■ PROBLEM TO SOLVE
Please repeat the whole listing exactly, but leave out any picture it holds.

■ INFORMATION SUPPLIED
____________
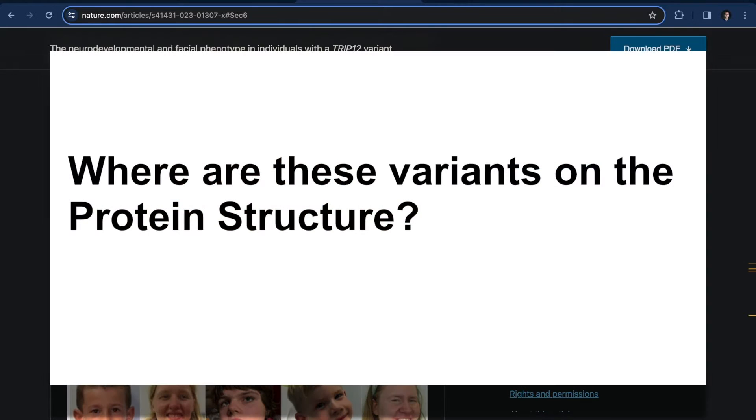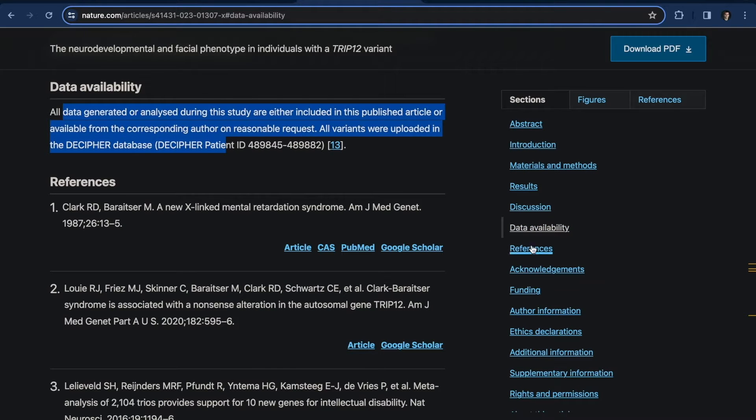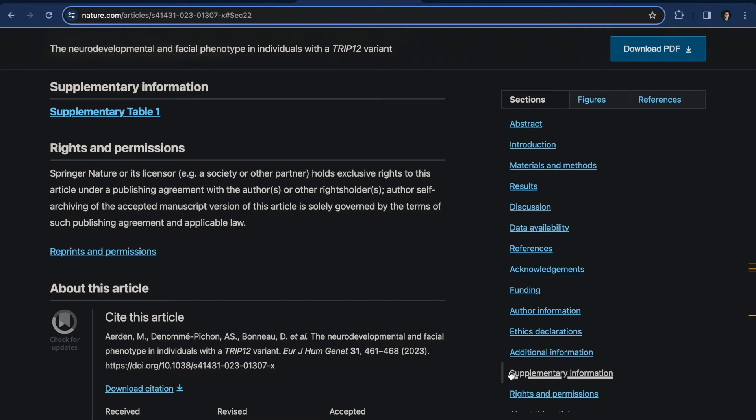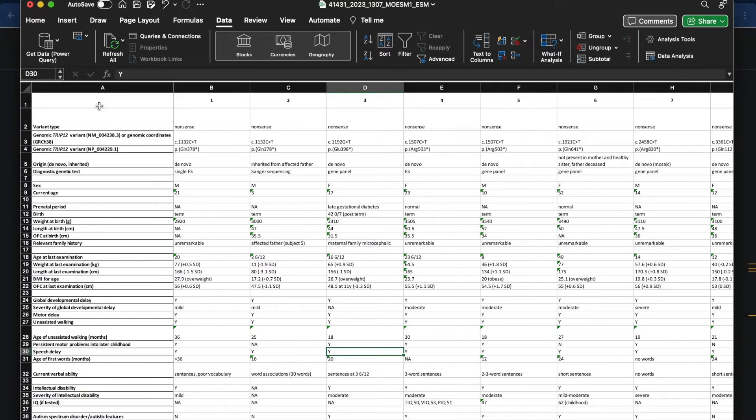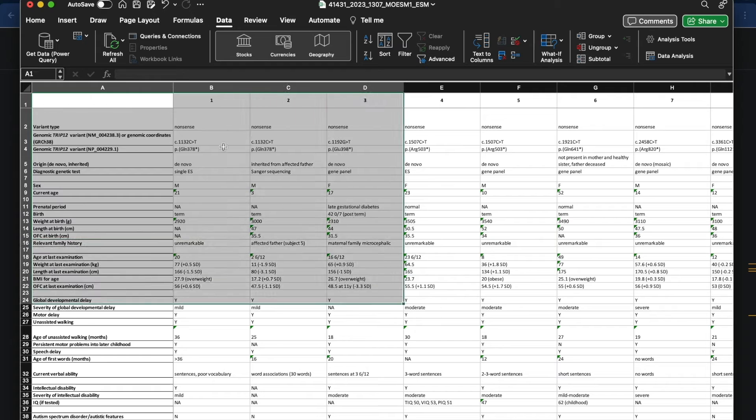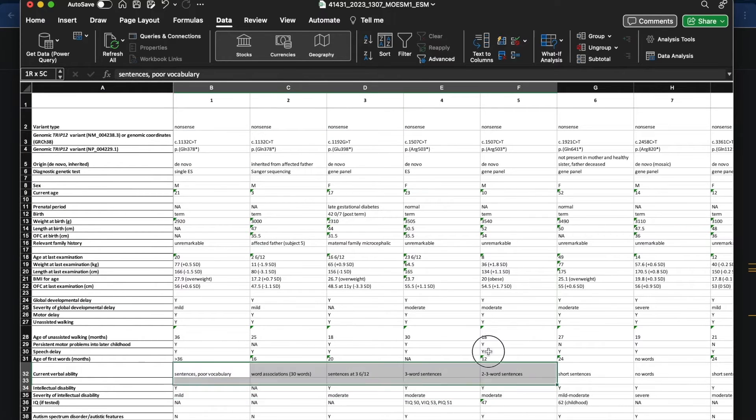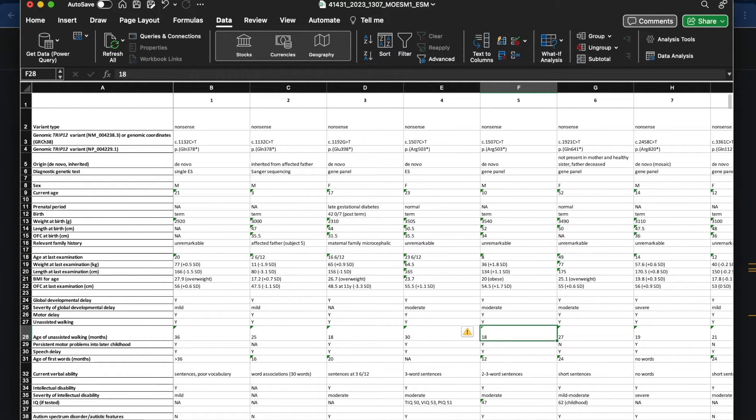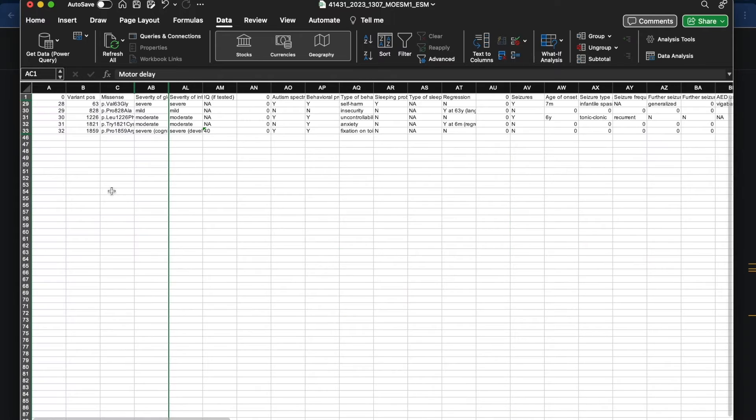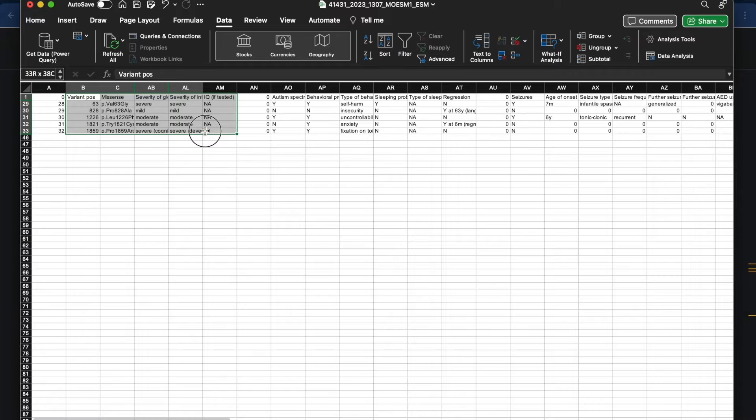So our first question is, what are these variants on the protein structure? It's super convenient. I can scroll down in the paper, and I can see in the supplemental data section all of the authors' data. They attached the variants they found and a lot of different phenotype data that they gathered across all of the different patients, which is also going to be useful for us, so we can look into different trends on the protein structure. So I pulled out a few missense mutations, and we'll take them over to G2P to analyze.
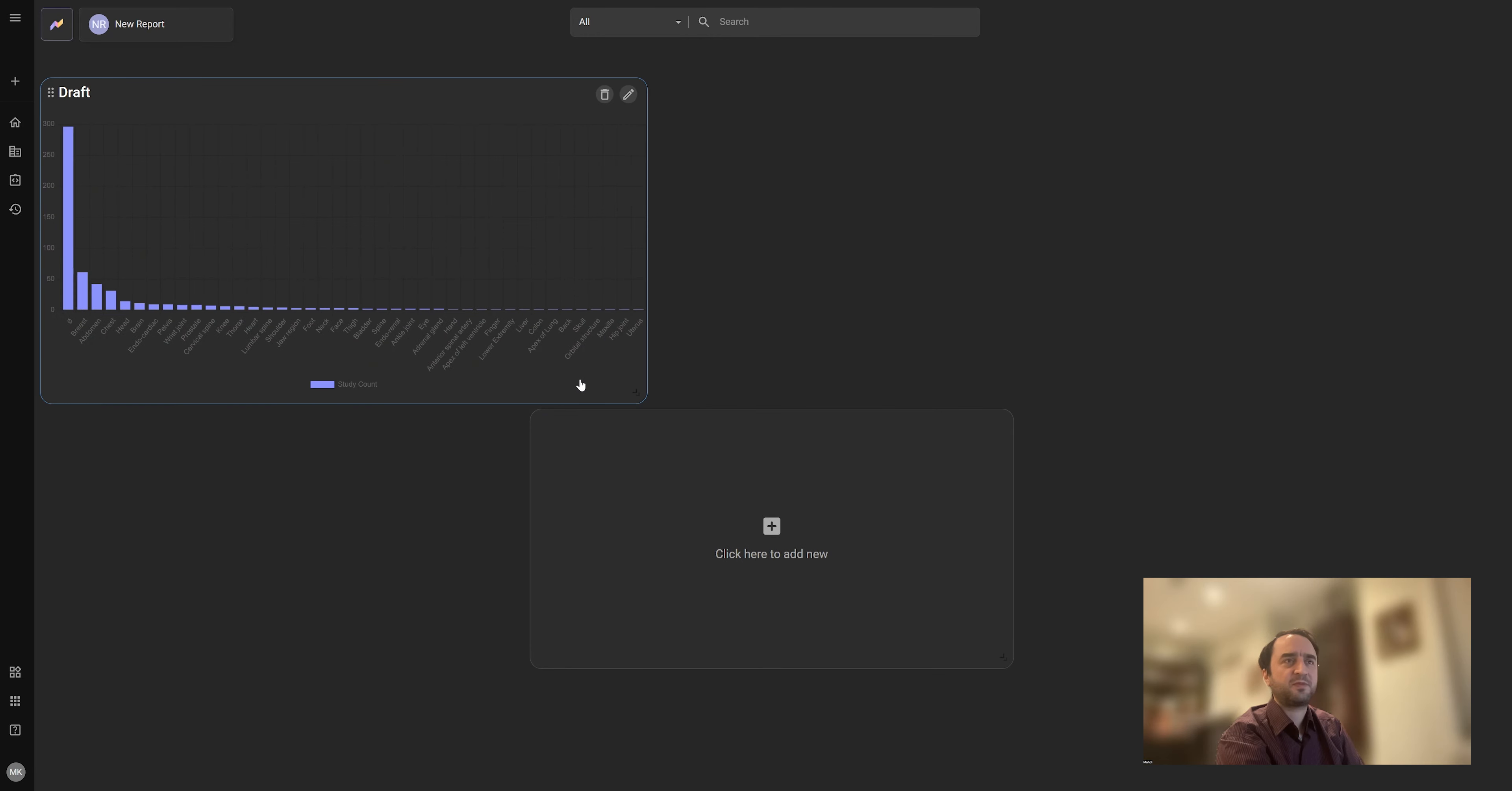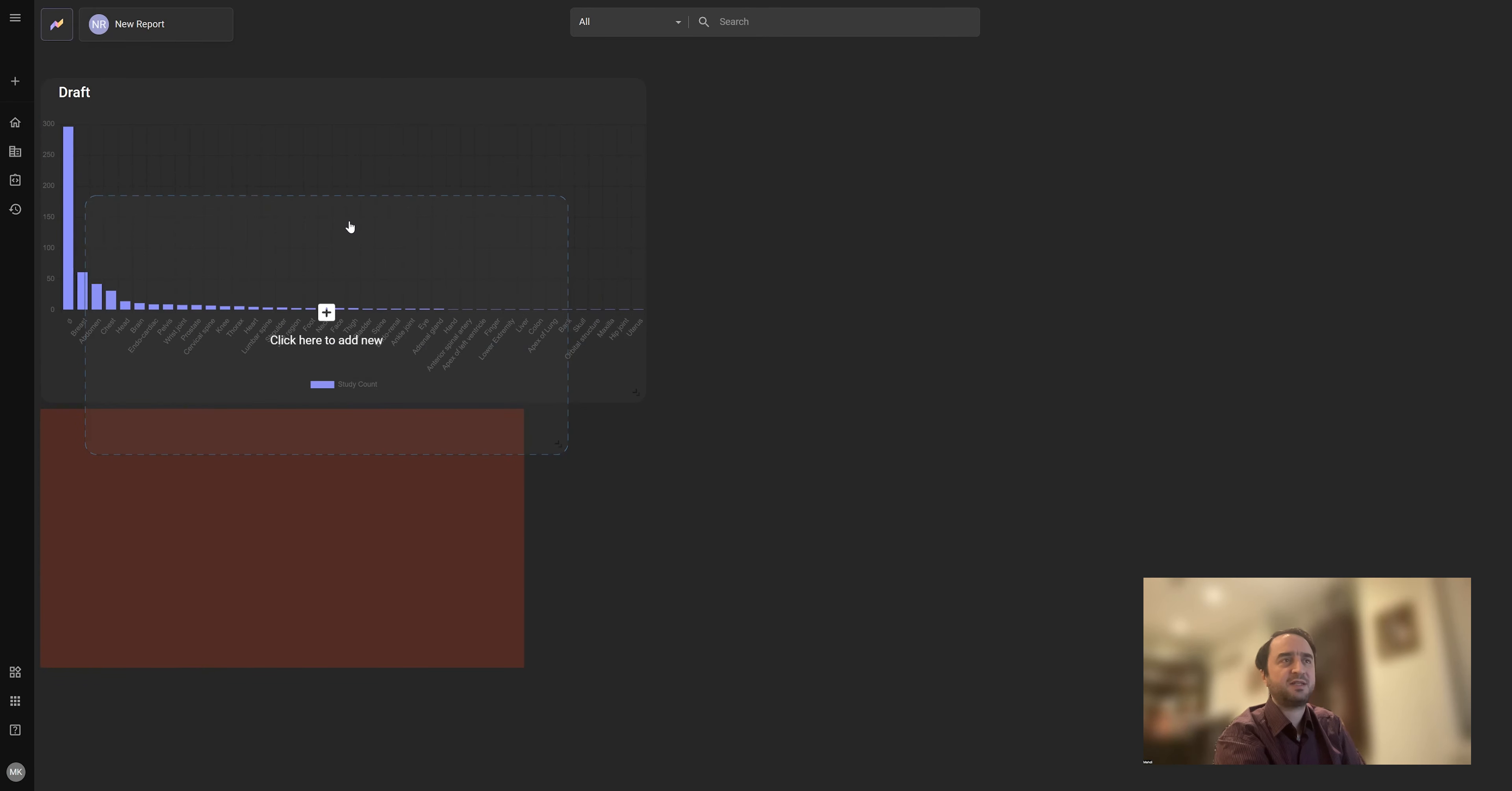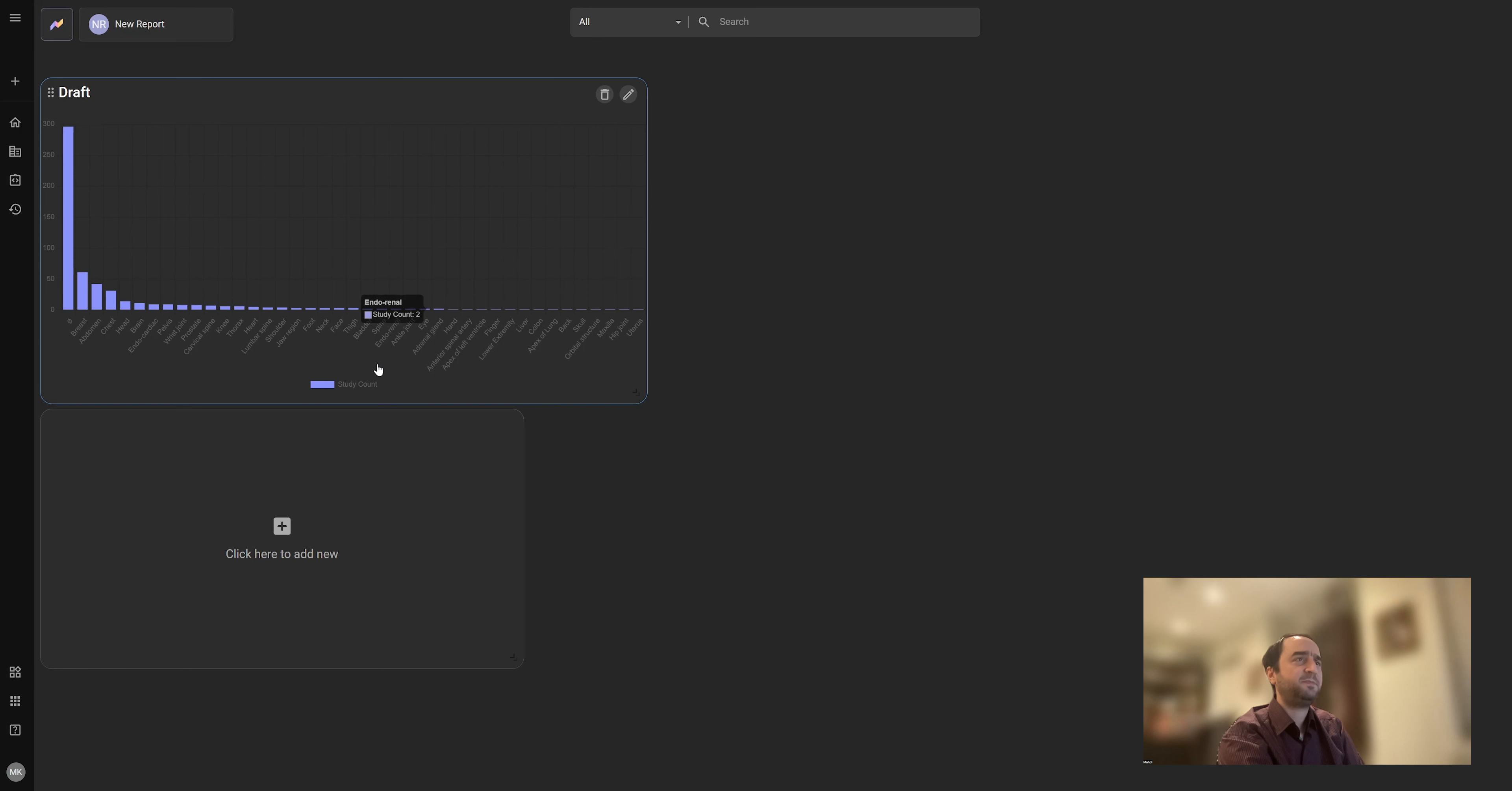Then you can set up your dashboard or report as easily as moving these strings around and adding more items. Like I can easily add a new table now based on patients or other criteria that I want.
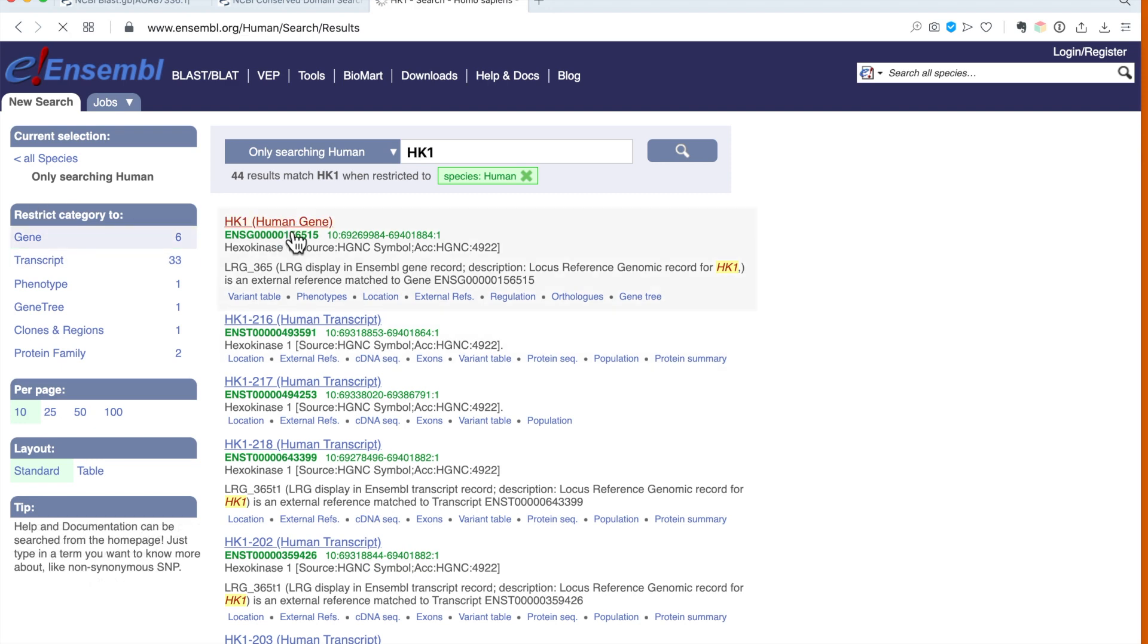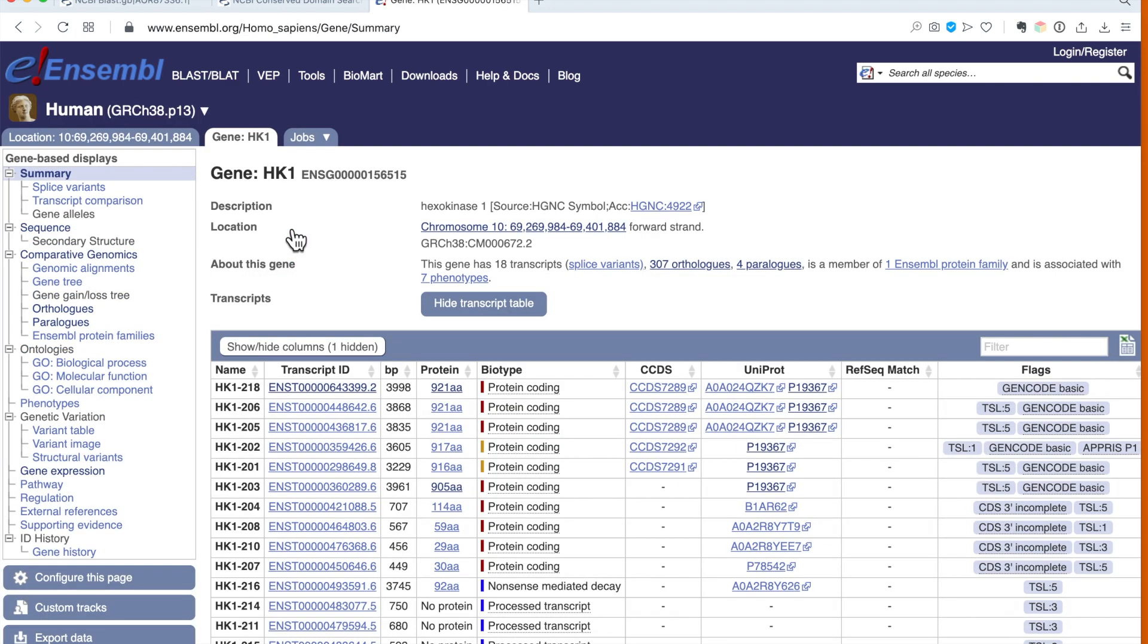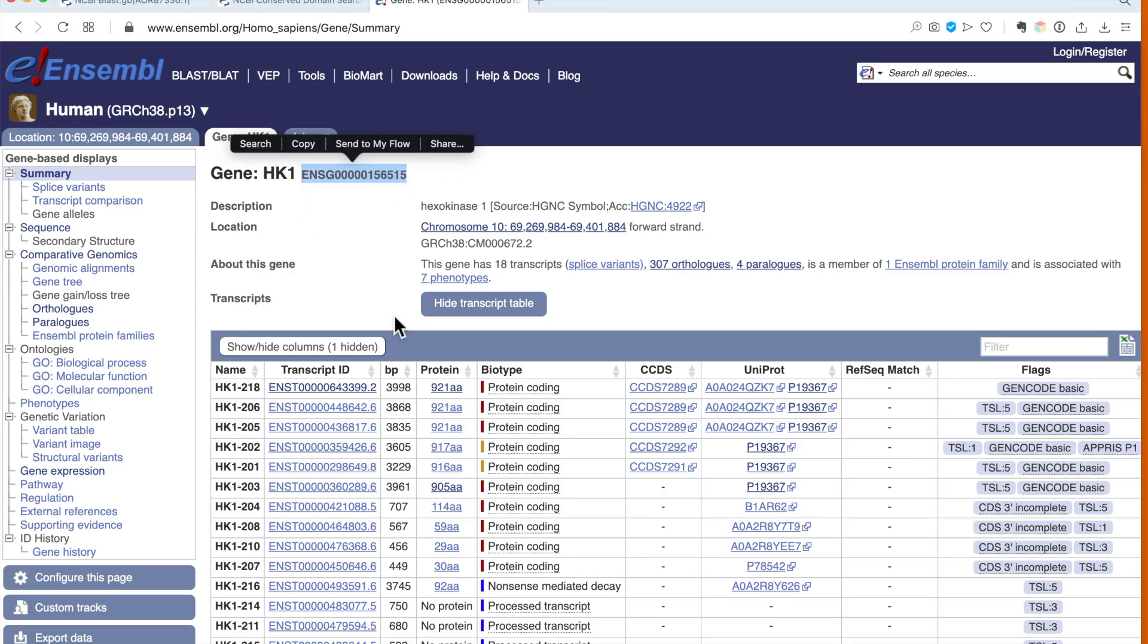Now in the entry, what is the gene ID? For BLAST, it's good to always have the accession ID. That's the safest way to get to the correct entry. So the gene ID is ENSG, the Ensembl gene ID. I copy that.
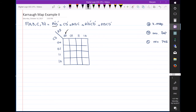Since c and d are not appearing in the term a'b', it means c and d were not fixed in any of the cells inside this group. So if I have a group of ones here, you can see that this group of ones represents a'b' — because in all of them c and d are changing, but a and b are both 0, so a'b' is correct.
____________
■ ANSWER SECTION
So our first question is, what are these variants on the protein structure? It's super convenient. I can scroll down in the paper, and I can see in the supplemental data section all of the authors' data. They attached the variants they found and a lot of different phenotype data that they gathered across all of the different patients, which is also going to be useful for us, so we can look into different trends on the protein structure. So I pulled out a few missense mutations, and we'll take them over to G2P to analyze.
Then you can set up your dashboard or report as easily as moving these strings around and adding more items. Like I can easily add a new table now based on patients or other criteria that I want.
Now in the entry, what is the gene ID? For BLAST, it's good to always have the accession ID. That's the safest way to get to the correct entry. So the gene ID is ENSG, the Ensembl gene ID. I copy that.
Since c and d are not appearing in the term a'b', it means c and d were not fixed in any of the cells inside this group. So if I have a group of ones here, you can see that this group of ones represents a'b' — because in all of them c and d are changing, but a and b are both 0, so a'b' is correct.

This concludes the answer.